There are two related, but distinct problems under the heading of Goodhart, both caused by the hard-to-deny fact that any practical metric is only a proxy/estimate/correlate of the actual true goal.
1) anti-inductive behavior. When a metric gets well-known as a control input, mis-aligned agents can spoof their behavior to take advantage.
2) divergence of legible metric from true desire. Typically this increases over time, or over the experienced range of the metric.
I think you’re right that there is an underlying assumption that such a true goal exists. I don’t think there’s any reason to believe that it’s an understandable/legible function for human brains or technology. It could be polynomial or not, and it could have millions or billions of terms. In any actual human (and possibly in any embodied agent), it’s only partly specified, and even that partial specification isn’t fully accessible to introspection.
Specifics matter. It’s better to behave in ways that give better outcomes, but it’s not obvious at all what those ways are. Even ways that are known to be affected by goodhart’s law have SOME reason to believe they’re beneficial—goodhart isn’t (necessarily) a reversal of sign, only a loss of correlation with actual desires.
Again, specifics matter. “Goodhart exists, and here’s how it might apply to your proposed metrics” has been an _easy_ discussion every time I’ve had it.

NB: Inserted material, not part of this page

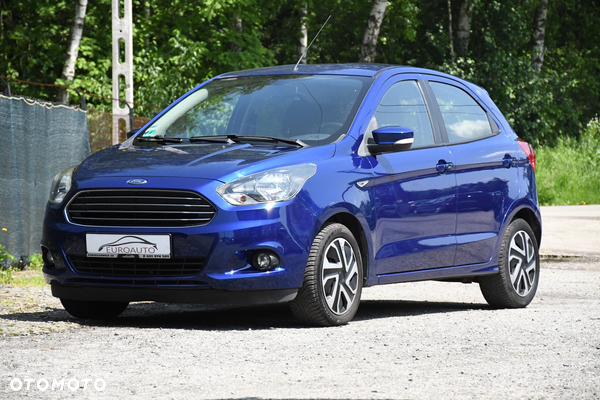 Ford Ka+ 1.2 Ti-VCT Active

I literally have never had a serious objection to the concept. What’s hard is figuring out checksum metrics or triggers to re-evaluate the control inputs. Defining the range and context inside of which a given measurement is “good enough” takes work, but is generally achievable (in the real world; perhaps not for theoretical AI work).
Strongly agree—and Goodhart’s law is at least 4 things. Though I’d note that anti-inductive behavior / metric gaming is hard to separate from goal mis-specification, for exactly the reasons outlined in the post.
But saying there is a goal too complex to be understandable and legible implies that it’s really complex, but coherent. I don’t think that’s the case of individuals, and I’m certain it isn’t true of groups. (Arrow’s theorem, etc.)
I’m not sure it’s possible to distinguish between chaotically-complex and incoherent. Once you add reference class problems in (you can’t step in the same river twice; no two decisions are exactly identical), there’s no difference between “inconsistent” and “unknown terms with large exponents on unmeasured variables”.
But in any case, even without coherence/consistency across agents or over time, any given decision can be an optimization of something.
[ I should probably add an epistemic status: not sure this is a useful model, but I do suspect there are areas it maps to the territory well. ]
I’d agree with the epistemic warning ;)
I don’t think the model is useful, since it’s non-predictive. And we have good reasons to think that human brains are actually incoherent. Which means I’m skeptical that there is something useful to find by fitting a complex model to find a coherent fit for an incoherent system.
I think (1) Dagon is right that if we consider a purely behavioral perspective the distinction gets meaningless at the boundaries, trying to distinguish between highly complex values vs incoherence; any set of actions can be justified via some values; (2) humans are incoherent, in the sense that there are strong candidate partial specifications of our values (most of us like food and sex) and we’re not always the most sensible in how we go about achieving them; (3) also, to the extent that humans can be said to have values, they’re highly complex.
The thing that makes these three statements consistent is that we use more than just a behavioral lense to judge “human values”.